1. "Mr. & Misdemeanor" (3:20)
2. "Shoe Salesman" (2:33)
3. "Still No Air" (2:30)
4. "Below Your Means" (6:50)
5. "Return of the Spider" (4:25)
6. "Laughing At Me" (2:16)
7. "Refrigerator Heaven" (2:17)
8. "Beautiful Flyaway" (3:00)
9. "Lay Down and Die, Goodbye" (7:30)

"Easy Action" is pretty much made up of the same psychedelic/progressive blues rock as their first album, not unlike early Pink Floyd, a band that most people would not associate with Alice Cooper. This one is long out of print but I found it for $1 in a cut out bin, still sealed. I've had numerous offers on it, but it's not for sale!

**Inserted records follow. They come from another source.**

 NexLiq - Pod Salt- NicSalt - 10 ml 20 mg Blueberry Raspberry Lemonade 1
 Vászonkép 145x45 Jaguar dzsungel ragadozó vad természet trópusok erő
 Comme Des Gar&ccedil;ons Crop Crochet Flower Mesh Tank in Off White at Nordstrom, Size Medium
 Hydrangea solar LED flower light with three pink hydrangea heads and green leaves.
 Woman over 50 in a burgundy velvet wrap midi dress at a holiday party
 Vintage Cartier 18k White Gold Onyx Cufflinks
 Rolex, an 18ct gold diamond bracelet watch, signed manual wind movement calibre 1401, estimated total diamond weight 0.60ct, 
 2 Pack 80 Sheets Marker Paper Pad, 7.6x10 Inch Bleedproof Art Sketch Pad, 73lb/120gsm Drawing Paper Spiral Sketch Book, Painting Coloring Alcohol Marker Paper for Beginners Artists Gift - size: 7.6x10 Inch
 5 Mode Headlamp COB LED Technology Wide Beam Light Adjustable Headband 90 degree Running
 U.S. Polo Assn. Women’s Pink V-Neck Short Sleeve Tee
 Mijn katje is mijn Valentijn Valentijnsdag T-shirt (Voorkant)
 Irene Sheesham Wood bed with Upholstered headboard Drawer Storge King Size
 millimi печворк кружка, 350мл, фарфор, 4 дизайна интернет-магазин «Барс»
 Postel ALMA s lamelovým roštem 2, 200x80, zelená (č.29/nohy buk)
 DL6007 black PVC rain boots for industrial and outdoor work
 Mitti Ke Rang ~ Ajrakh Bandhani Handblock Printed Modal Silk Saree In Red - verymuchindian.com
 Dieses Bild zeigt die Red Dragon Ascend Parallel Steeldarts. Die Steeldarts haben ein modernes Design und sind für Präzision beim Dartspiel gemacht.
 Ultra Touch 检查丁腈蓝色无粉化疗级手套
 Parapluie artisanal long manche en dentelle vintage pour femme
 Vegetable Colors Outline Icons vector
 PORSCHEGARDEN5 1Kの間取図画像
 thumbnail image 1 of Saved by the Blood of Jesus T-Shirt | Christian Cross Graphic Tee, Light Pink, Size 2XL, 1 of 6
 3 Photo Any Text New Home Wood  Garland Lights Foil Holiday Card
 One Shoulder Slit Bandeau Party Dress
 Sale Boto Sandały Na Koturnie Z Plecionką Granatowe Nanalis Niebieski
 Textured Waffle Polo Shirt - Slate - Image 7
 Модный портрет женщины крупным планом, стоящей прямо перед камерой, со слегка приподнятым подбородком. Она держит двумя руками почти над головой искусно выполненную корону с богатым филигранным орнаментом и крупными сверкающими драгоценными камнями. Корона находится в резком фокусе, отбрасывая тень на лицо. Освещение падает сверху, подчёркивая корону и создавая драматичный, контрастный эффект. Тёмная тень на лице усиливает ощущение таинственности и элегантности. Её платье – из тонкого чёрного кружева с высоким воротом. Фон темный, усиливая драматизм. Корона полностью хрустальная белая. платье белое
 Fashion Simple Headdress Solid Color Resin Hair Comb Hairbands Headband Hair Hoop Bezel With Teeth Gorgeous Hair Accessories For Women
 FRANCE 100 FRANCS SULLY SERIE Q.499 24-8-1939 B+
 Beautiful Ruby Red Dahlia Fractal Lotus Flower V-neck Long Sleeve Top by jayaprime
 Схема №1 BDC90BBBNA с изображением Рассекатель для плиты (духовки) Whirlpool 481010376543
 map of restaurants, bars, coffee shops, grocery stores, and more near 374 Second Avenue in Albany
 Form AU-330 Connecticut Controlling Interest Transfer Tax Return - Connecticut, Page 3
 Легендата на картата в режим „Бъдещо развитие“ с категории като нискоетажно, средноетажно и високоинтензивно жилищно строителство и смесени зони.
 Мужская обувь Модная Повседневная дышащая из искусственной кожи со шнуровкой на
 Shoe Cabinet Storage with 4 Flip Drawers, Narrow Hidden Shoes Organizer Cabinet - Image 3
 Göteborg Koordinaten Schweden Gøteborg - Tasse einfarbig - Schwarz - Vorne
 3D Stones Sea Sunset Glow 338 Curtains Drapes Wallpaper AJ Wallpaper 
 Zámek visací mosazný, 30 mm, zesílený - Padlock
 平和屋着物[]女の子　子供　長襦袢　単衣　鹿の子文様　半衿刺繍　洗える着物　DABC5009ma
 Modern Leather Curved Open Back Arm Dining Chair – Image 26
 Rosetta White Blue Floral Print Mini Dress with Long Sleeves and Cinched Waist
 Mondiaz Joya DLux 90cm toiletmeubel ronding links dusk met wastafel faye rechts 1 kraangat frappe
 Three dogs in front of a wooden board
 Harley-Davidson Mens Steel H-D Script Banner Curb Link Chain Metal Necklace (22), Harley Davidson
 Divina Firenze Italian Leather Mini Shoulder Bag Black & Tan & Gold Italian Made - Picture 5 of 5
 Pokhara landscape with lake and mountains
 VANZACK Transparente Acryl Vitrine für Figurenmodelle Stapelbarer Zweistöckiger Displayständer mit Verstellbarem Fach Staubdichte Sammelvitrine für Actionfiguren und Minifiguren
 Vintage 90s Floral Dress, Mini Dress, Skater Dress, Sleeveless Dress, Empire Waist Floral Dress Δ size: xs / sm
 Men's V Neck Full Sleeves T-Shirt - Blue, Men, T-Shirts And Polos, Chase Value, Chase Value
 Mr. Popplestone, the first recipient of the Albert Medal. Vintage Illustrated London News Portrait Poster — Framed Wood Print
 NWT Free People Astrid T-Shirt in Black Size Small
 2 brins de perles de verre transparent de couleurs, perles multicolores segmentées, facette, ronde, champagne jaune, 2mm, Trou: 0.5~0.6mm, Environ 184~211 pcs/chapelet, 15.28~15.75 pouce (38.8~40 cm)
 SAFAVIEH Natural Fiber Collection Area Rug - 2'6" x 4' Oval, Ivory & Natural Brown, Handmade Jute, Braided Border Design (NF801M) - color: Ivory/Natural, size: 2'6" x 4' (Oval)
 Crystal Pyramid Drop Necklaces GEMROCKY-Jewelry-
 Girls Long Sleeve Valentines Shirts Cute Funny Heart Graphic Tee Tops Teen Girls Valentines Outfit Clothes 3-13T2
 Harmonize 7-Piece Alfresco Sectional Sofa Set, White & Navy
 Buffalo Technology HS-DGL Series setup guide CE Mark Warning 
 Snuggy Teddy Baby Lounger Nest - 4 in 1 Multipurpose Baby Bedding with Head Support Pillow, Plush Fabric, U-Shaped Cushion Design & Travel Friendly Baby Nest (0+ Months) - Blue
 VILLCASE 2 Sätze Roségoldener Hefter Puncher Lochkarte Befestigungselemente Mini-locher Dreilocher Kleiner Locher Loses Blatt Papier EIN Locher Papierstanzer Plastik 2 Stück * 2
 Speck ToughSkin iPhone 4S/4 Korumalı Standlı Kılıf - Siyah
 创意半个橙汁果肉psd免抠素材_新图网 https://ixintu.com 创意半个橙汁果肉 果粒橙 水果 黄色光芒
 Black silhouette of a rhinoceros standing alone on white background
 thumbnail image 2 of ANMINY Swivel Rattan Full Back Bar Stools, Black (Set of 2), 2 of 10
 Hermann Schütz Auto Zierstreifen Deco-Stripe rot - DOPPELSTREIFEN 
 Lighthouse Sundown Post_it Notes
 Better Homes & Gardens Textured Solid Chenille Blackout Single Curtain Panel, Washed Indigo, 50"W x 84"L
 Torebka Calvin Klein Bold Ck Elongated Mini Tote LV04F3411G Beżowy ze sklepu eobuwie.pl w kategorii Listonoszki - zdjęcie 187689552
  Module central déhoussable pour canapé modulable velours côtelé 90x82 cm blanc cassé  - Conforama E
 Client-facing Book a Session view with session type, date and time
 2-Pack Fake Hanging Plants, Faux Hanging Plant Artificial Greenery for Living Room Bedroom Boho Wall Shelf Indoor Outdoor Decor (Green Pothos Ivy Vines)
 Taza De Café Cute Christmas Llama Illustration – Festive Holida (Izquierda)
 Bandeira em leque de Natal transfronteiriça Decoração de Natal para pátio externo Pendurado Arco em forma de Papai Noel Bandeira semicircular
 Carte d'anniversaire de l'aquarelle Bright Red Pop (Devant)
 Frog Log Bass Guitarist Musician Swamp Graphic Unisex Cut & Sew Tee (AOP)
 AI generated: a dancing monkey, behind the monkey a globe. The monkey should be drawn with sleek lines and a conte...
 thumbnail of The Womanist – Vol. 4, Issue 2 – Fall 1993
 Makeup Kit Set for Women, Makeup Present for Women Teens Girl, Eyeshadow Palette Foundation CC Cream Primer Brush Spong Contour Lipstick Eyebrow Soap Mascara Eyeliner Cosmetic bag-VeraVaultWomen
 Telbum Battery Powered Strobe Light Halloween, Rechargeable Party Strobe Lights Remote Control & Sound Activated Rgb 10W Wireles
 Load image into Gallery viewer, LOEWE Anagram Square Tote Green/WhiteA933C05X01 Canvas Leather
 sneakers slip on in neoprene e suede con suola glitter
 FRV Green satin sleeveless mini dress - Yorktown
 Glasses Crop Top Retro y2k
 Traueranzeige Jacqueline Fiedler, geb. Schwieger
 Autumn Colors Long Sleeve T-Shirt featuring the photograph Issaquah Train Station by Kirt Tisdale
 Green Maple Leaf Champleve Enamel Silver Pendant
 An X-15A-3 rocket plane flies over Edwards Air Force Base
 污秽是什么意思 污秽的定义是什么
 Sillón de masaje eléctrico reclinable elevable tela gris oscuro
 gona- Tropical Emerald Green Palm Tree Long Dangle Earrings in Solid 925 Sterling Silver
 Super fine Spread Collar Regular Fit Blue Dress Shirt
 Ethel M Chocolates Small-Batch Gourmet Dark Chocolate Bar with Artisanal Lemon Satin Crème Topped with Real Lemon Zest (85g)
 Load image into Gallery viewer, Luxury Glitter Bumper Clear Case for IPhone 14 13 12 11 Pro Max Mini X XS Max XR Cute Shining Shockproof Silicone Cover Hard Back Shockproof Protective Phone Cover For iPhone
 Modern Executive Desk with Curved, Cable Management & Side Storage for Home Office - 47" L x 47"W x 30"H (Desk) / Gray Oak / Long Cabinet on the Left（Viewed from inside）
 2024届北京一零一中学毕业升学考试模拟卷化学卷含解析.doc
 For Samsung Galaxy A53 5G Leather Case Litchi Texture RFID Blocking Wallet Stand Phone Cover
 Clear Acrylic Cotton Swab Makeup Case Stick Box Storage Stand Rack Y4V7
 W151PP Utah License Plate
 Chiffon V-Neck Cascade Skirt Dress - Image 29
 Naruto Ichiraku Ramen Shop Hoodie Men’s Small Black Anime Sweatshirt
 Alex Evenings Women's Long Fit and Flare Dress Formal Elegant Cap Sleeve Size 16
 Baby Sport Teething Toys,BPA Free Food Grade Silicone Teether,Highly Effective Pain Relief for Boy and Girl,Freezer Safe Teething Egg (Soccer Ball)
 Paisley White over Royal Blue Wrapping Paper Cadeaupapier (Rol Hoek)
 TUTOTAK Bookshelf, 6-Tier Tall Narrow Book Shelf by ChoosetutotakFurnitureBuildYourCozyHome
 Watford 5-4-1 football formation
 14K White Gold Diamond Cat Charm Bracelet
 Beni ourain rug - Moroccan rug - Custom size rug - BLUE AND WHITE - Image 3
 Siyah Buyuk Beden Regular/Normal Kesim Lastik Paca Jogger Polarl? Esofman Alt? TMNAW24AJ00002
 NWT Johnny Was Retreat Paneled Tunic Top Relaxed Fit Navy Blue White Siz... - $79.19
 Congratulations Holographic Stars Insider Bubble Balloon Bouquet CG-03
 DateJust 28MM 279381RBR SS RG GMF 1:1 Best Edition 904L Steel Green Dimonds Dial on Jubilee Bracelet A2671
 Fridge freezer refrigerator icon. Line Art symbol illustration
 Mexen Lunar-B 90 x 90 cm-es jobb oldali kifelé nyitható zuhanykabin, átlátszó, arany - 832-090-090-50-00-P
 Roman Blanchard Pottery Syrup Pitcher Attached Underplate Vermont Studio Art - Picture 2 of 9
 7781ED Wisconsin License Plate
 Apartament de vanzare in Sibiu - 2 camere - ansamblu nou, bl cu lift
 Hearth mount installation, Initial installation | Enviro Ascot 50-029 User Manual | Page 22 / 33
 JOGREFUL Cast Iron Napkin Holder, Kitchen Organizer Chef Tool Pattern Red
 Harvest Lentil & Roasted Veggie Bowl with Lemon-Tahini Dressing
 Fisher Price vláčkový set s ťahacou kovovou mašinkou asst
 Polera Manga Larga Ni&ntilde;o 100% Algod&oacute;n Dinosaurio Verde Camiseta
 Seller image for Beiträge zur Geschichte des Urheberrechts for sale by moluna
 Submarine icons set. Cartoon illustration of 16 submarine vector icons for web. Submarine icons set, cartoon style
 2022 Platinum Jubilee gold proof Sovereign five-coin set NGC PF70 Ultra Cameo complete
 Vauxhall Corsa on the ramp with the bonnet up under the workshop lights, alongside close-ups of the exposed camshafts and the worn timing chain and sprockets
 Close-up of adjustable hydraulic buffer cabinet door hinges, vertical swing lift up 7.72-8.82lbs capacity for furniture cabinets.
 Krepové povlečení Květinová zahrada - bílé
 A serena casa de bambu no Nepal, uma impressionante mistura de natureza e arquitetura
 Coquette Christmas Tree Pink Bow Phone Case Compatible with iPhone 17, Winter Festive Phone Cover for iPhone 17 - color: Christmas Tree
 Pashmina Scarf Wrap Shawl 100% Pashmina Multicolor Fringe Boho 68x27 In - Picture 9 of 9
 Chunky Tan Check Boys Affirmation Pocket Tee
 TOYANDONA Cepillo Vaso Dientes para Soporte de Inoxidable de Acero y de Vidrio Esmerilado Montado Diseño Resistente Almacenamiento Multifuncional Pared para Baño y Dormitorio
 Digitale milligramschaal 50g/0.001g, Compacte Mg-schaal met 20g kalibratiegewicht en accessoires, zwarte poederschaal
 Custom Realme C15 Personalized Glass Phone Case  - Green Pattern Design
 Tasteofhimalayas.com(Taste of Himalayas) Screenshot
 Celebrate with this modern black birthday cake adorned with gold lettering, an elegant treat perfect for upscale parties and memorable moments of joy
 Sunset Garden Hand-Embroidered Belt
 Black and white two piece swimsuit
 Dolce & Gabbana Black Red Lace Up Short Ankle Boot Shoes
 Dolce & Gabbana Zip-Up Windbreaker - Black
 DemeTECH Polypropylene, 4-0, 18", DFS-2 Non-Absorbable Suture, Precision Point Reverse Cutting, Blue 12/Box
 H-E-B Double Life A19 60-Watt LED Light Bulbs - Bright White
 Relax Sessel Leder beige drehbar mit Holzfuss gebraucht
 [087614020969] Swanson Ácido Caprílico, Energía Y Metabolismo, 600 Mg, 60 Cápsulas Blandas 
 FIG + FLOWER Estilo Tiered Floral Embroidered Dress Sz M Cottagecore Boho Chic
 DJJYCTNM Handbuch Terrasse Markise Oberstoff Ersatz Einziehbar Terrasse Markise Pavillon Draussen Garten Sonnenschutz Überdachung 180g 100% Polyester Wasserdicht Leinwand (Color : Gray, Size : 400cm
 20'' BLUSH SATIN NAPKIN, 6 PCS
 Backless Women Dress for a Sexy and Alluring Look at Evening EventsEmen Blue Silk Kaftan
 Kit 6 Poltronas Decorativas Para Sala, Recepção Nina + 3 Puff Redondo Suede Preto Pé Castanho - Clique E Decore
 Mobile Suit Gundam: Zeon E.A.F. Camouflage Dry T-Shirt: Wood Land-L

Live in Toronto Alice Cooper-Live in Toronto (KRB)

1. "Painting A Picture" (2:03)
2. "I've Written Home to Mother/Science Fiction" (6:43)
3. "Goin' to the River" (2:08)
4. "Freak Out Song" (3:38)
5. "Ain't that Just Like a Woman" (2:35)
6. "A. Cooper Instrumental-Medley" (4:42)
7. "Nobody Likes Me" (3:18)

Not sure if this is a bootleg or an official release, but it's basically a recording of an early Alice show (1969?) when the band was more into the psychadelic stuff than the heavy shock rock stuff they would soon become known for. The sound quality is of bootleg qualtity. "Goin' to the River" and "Ain't that Just Like a Woman" sound like studio tracks and are obviously not recorded from the same place & time as the rest of the material. Also, as seems to be the norm for bootlegs, the track listing is all messed up on the back of the disc.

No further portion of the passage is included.